### Instructions to follow
Range to output from the entries below: the line containing "Собаки в Москве: Молодой" through the line containing "Blooming white with". Set it down exactly, ends included, nothing else.

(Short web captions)
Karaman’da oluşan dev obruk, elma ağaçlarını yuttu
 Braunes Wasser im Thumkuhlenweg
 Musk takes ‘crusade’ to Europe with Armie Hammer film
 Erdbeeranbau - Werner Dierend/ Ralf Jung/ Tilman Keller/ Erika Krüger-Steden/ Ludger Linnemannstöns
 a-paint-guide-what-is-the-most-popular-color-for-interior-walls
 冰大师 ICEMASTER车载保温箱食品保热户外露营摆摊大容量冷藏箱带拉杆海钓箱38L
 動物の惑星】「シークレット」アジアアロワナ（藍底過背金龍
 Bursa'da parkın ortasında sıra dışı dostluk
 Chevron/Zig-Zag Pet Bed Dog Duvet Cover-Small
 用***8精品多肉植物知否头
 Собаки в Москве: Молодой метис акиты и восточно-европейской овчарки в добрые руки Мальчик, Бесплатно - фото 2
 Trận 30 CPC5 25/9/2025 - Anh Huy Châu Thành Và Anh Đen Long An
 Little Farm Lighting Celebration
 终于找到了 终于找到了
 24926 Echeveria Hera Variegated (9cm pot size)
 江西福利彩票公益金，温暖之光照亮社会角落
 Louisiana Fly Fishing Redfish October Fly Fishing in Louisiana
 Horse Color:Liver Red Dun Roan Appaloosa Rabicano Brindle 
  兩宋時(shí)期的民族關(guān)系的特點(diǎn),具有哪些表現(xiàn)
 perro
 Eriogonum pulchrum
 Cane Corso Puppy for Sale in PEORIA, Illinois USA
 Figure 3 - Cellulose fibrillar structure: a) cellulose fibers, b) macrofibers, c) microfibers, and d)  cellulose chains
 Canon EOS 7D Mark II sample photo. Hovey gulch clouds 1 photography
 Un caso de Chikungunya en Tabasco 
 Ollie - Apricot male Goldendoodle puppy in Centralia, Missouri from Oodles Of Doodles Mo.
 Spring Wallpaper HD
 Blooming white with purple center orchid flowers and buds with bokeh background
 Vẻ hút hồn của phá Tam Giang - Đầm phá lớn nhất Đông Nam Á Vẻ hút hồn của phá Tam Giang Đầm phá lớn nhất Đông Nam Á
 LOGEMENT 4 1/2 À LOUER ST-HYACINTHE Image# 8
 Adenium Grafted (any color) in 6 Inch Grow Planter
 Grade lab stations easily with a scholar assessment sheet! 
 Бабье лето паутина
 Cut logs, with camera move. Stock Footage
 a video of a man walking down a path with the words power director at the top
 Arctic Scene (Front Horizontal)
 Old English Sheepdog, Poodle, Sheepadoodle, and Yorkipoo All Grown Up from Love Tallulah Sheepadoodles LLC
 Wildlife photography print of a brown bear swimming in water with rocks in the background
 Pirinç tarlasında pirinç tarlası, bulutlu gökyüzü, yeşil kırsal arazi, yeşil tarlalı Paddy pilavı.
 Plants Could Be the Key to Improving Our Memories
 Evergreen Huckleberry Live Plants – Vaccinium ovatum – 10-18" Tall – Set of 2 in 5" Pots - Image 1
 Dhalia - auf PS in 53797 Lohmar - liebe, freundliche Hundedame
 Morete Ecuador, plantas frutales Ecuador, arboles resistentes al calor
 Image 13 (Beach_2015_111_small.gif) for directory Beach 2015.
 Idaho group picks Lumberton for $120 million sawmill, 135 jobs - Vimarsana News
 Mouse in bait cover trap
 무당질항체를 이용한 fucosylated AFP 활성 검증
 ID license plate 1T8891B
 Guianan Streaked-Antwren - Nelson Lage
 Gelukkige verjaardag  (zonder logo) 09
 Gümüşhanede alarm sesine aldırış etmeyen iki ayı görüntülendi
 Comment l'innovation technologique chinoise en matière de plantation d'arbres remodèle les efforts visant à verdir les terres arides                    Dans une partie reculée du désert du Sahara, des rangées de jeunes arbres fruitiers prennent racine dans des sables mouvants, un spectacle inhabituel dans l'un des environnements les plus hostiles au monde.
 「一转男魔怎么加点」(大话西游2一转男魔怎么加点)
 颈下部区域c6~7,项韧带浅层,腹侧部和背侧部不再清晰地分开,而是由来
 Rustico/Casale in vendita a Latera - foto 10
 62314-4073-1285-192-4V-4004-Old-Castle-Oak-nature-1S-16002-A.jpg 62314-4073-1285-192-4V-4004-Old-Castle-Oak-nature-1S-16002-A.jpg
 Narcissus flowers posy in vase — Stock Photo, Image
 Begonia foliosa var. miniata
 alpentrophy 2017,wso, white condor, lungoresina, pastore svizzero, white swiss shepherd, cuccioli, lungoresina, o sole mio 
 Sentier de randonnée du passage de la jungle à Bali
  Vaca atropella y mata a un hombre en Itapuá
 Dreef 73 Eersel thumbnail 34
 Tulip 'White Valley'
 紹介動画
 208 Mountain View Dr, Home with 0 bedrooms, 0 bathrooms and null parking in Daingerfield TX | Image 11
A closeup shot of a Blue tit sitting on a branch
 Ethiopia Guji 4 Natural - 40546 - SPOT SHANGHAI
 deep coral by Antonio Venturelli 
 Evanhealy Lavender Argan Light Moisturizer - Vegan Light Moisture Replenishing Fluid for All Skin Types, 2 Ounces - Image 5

### Task solution
 Собаки в Москве: Молодой метис акиты и восточно-европейской овчарки в добрые руки Мальчик, Бесплатно - фото 2
 Trận 30 CPC5 25/9/2025 - Anh Huy Châu Thành Và Anh Đen Long An
 Little Farm Lighting Celebration
 终于找到了 终于找到了
 24926 Echeveria Hera Variegated (9cm pot size)
 江西福利彩票公益金，温暖之光照亮社会角落
 Louisiana Fly Fishing Redfish October Fly Fishing in Louisiana
 Horse Color:Liver Red Dun Roan Appaloosa Rabicano Brindle 
  兩宋時(shí)期的民族關(guān)系的特點(diǎn),具有哪些表現(xiàn)
 perro
 Eriogonum pulchrum
 Cane Corso Puppy for Sale in PEORIA, Illinois USA
 Figure 3 - Cellulose fibrillar structure: a) cellulose fibers, b) macrofibers, c) microfibers, and d)  cellulose chains
 Canon EOS 7D Mark II sample photo. Hovey gulch clouds 1 photography
 Un caso de Chikungunya en Tabasco 
 Ollie - Apricot male Goldendoodle puppy in Centralia, Missouri from Oodles Of Doodles Mo.
 Spring Wallpaper HD
 Blooming white with purple center orchid flowers and buds with bokeh background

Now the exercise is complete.